Затем он попытался представить себе дыню, прилипшую к дамскому пальчику. Хмуро саркастически хмыкнул и прошелестел в трубку:
− Мисс Вероника, я по традиции выезжал на утренний труп. Что у вас опять случилось?
− Опять? Случилось? Да у меня трагедия! Ужас!..
− Собачка сбежала? Колготки порвались? Каблук сломался?
− Я сижу в том самом кресле, где в прошлый раз мы с вами... Ну, это неважно. А на столе напротив лежит листок, там написано: "Принесешь сегодня в шесть вечера сорок тысяч в бар "Синий огурец", оставишь на стойке и уходи прочь. А то пришью, как пуговицу, дуреха! И не вздумай идти в полицию, а то сделаю бо-бо!"
− Отлично сказано: "пришью, как пуговицу", − восхитился Вински, − сдается мне, ваш вымогатель − какой-нибудь сценарист Голливуда, которому зарубили сценарий, а писал бедняга свой шедевр полтора года.
− Вот, почему я вам позвонила! − взвизгнула трубка. − У вас сразу появилась версия? Так, кажется, это называется?

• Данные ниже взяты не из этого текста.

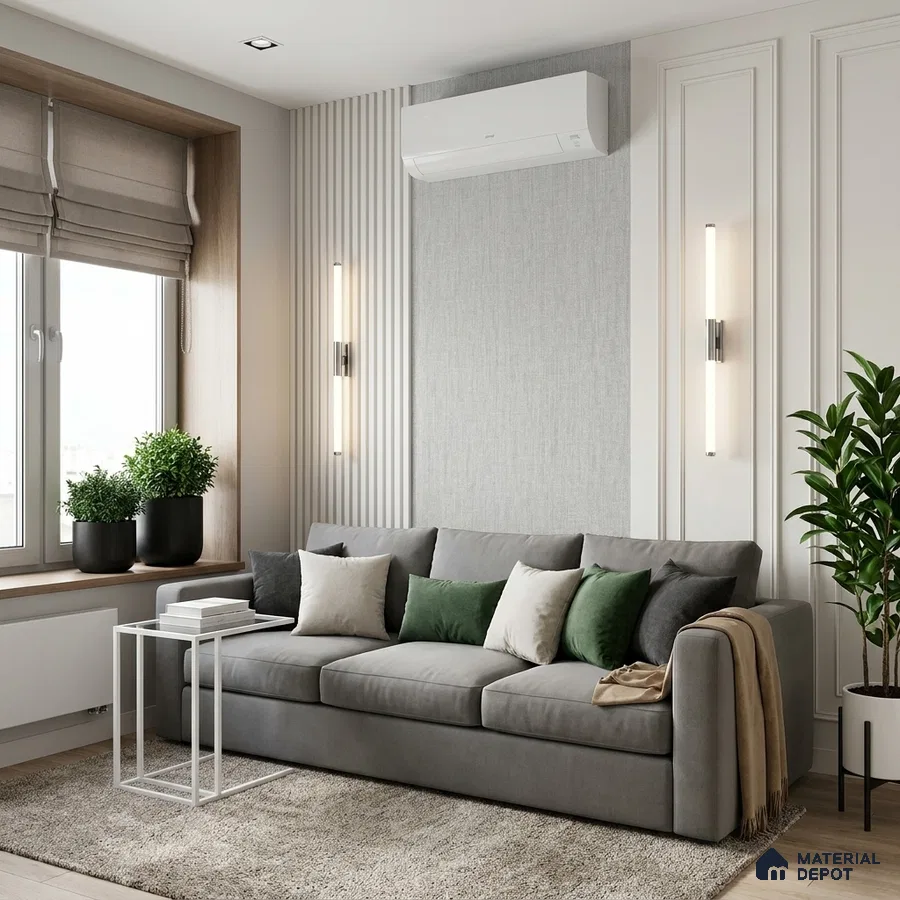 Scandinavian living room with grey fabric sofa, textured wall panels, and light wood flooring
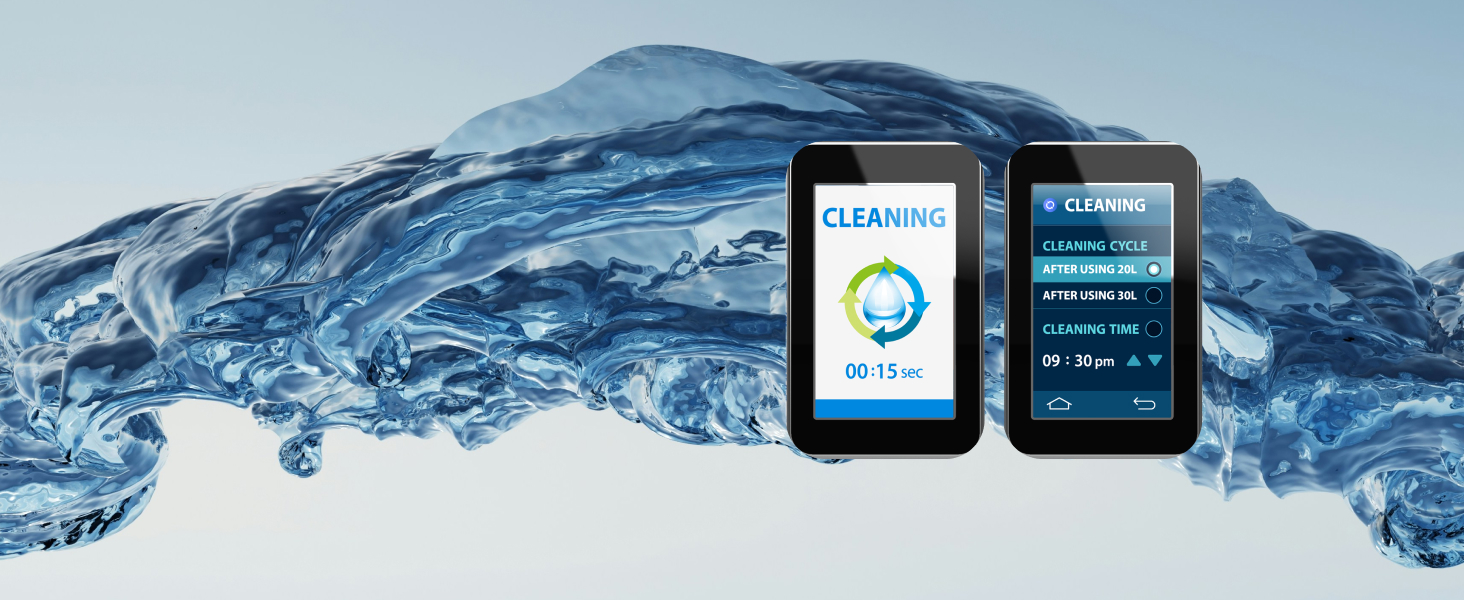 Tyent ACE 13 model self cleaning setting screen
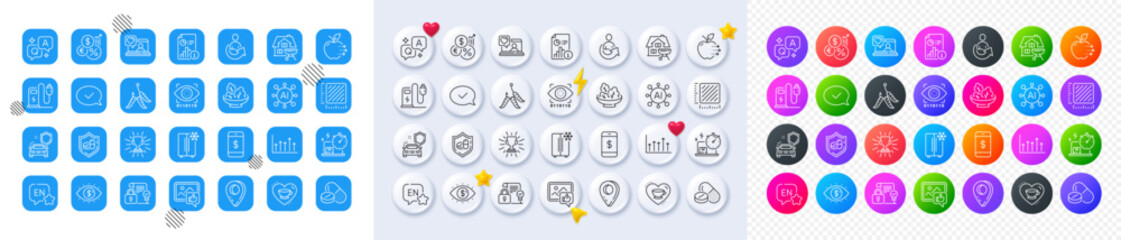 Charging station, Inflation and Smartphone payment line icons. Square, Gradient, Pin 3d buttons. AI, QA and map pin icons. Pack of Share, Food delivery, Growth chart icon. Vector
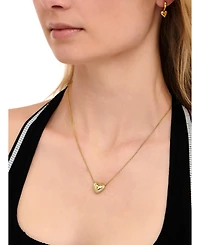 Devata Contour-lined Heart Necklace in Gold Plated Sterling Silver, Adj to 16 in / 17 in / 18 in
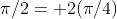 \pi/2= 2(\pi/4)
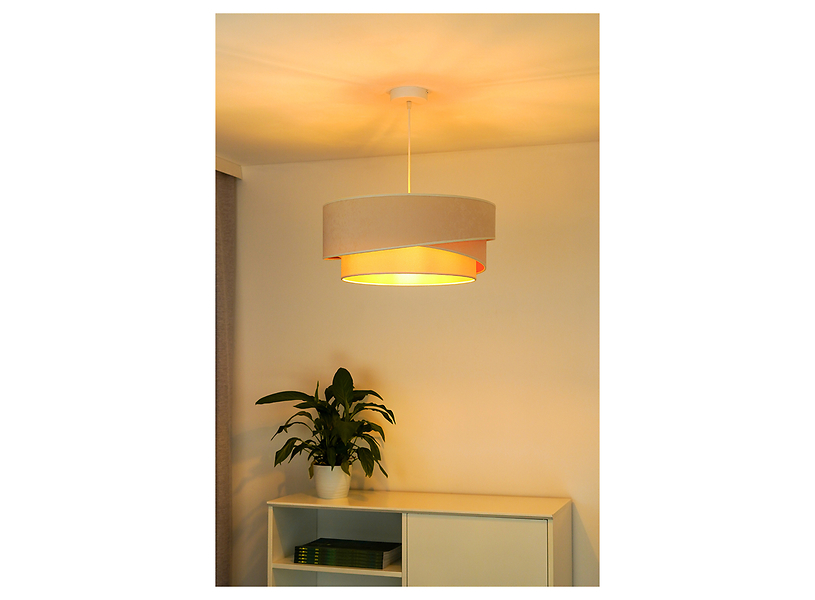 Lampa wisząca Kobo welurowa beżowo-złota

− Ага, так, − протянул сыщик. Он не стал объяснять расстроенной женщине, что ляпнул первое, что пришло в голову. − Мы вот, что сделаем, мисс Вероника, купите за десять центов конверт, набейте его резаной газетой и заклейте. Вечером в бар пойдем вместе. Я этого парня скручу и надаю подзатыльников. У меня не забалуешь!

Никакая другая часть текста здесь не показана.